■ Your goal:
Output every line below as it stands, dropping only the images.

■ Collected data:

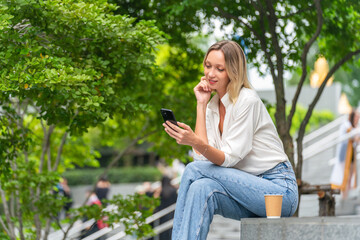 Caucasian Woman Sitting and Using Phone While Having a Cup of Coffee Outdoor a Park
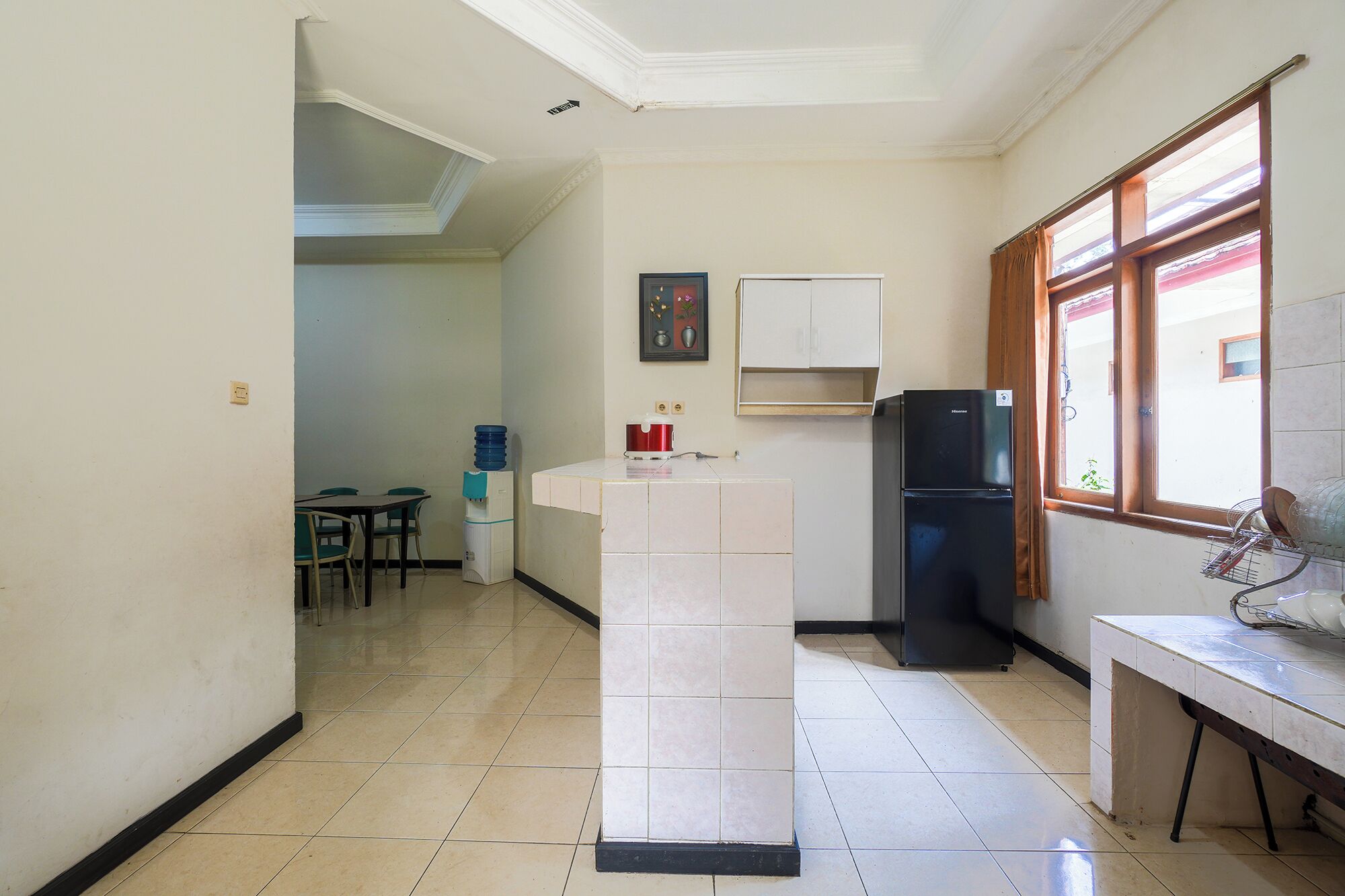 A compact kitchen with a refrigerator, a water dispenser, a dining table with chairs, and a window with curtains.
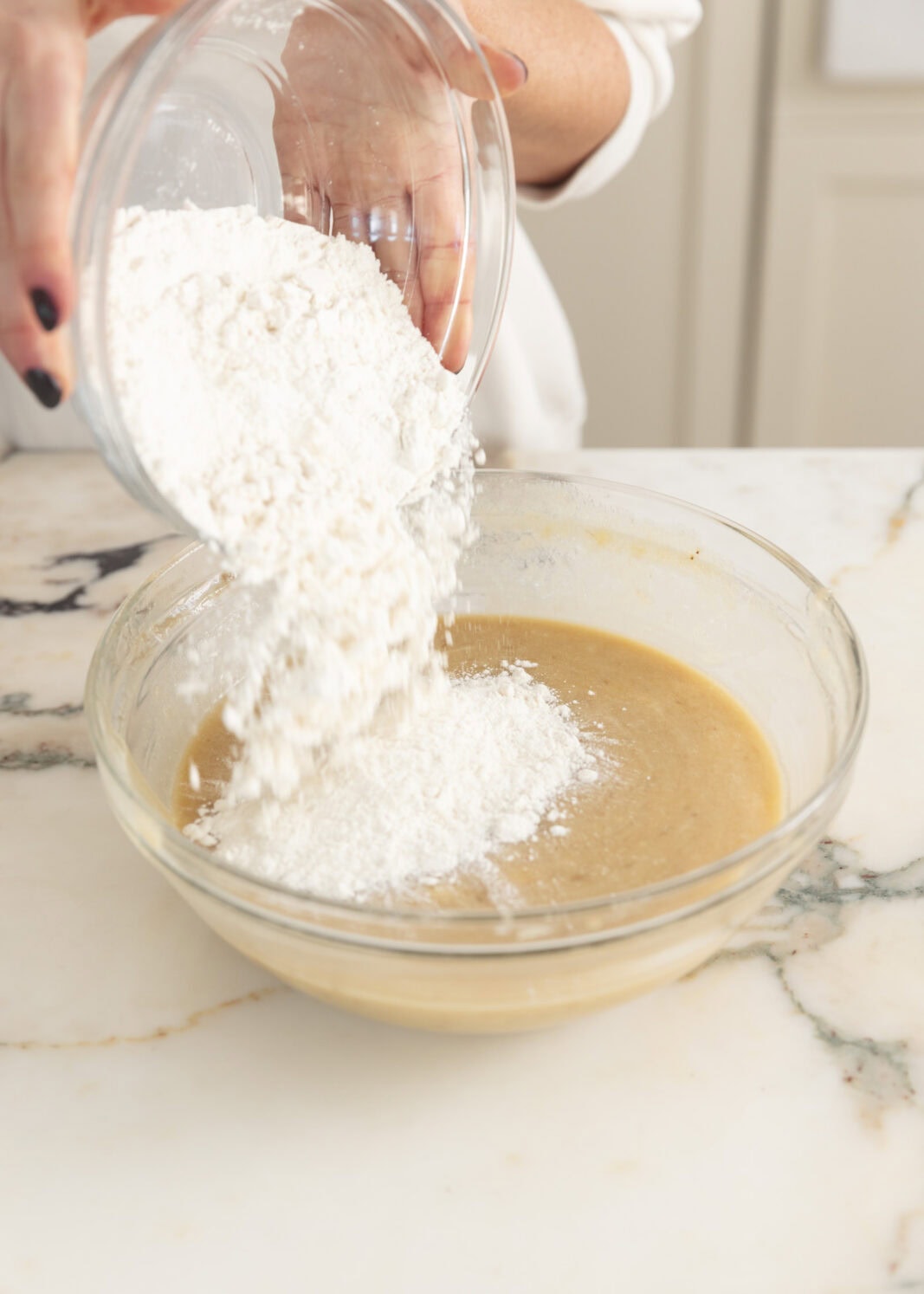 dry ingredients going into bowl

■ Result of the exercise:
 Caucasian Woman Sitting and Using Phone While Having a Cup of Coffee Outdoor a Park
 A compact kitchen with a refrigerator, a water dispenser, a dining table with chairs, and a window with curtains.
 dry ingredients going into bowl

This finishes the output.